Quote from: RPGPundit;964210The FATE games that aren't done by frustrated storygamers enamored of the smell of their own farts can be good.

Starblazer Adventures was good.
So was ICONs.

Mindjammer FATE was also good, though Mindjammer Traveller is so much better.

I picked up Mindjammer Fate just as I was starting to burn out on the system. It's excellent and I don't regret getting it because it was executed with a clear vision and was meant to be something other than yet another rad-cool mashup. By the way, your review sold me on the Traveller version.

Dumarest

Quote from: Justin Alexander;963934I'm going to "me, too" this. FATE is just filled with all these metagame mechanical interactions that seem to consistently add up to less than the sum of their parts.

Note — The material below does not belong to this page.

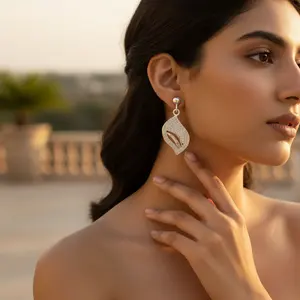 Boucles d'oreilles pendantes en argent 925 pour femmes, plaquées or, avec pendentif en perle d'eau douce, boucles d'oreilles vintage pour tous les jours - Product Image 2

It's like an RPG designed by a second rate philosophy professor. You ask, "How do I boil an egg?" And FATE says, "Well, first let us start by defining the egg..." before rambling on for 20 minutes about the symbolism of the yolk. Meanwhile every other RPG is like, "You put it in boiling water."

:p

Pretty much.

Ulairi

Quote from: Omega;963328Except D&D. :p

You misspelled GURPS.

RPGPundit

Quote from: Eisenmann;964298I picked up Mindjammer Fate just as I was starting to burn out on the system. It's excellent and I don't regret getting it because it was executed with a clear vision and was meant to be something other than yet another rad-cool mashup. By the way, your review sold me on the Traveller version.

Hope the game designer is reading this. And other game designers...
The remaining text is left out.